I'm troubleshooting some problems I was having with intersect and merge; I've been using a terminal in Ubuntu as well as R. Ideally I will be trying to accomplish all of this in R. While tracing back, I realized that the bed files I have are failing is.valid.region but I can't tell why. I converted it to bed using bedtools, straight from the bam file generated by STAR alignment. The entire "chr" column uses "chr" prefixes, even if I test it on the first 6 lines it fails:
is.valid.region(head(bam2bed))
VALIDATE REGIONS
* Checking input type... PASS
Input seems to be in bed format but chr/start/end column names are missing
* Check if index is a string... PASS
* Check index pattern... FAIL
Use check.chr = FALSE if no 'chr' prefix
[1] "c(\"chr1\", \"chr1\", \"chr1\", \"chr1\", \"chr1\", \"chr1\"):c(24, 119, 206, 264, 1023, 1094)-c(100, 194, 282, 340, 1099, 1170)"
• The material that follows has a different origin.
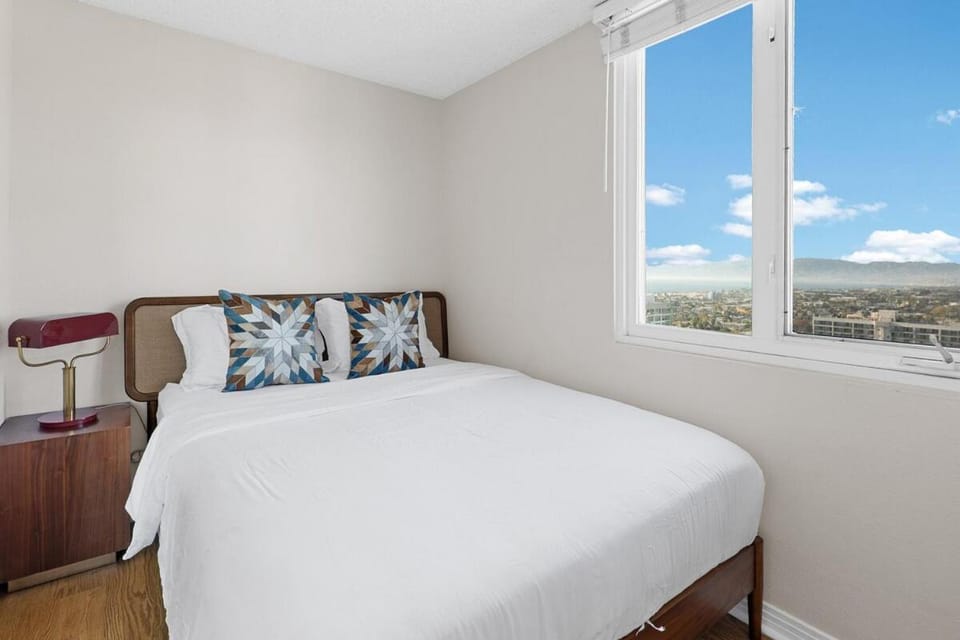 Signature Marina Stay Water View Pool Gym Apartment in Marina del Rey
* Check for missing values... FAIL
chr start end
1 c("chr1", "chr1", "chr1", "chr1", "chr1", "chr1") NA NA
* Check for larger start position... PASS.
* Check if zero based... PASS
[1] FALSE
If I ignore all this and try to continue with the "invalid" files, I can't use merge or intersect even with small test files. All the advice online I've seen about segfaults are about memory size, but even using 100GB on my local cluster and trying to do an intersection between the two strands of the small 100 line file, I get a segfault. No error codes or anything, just a segfault. I've attached one of the test files here.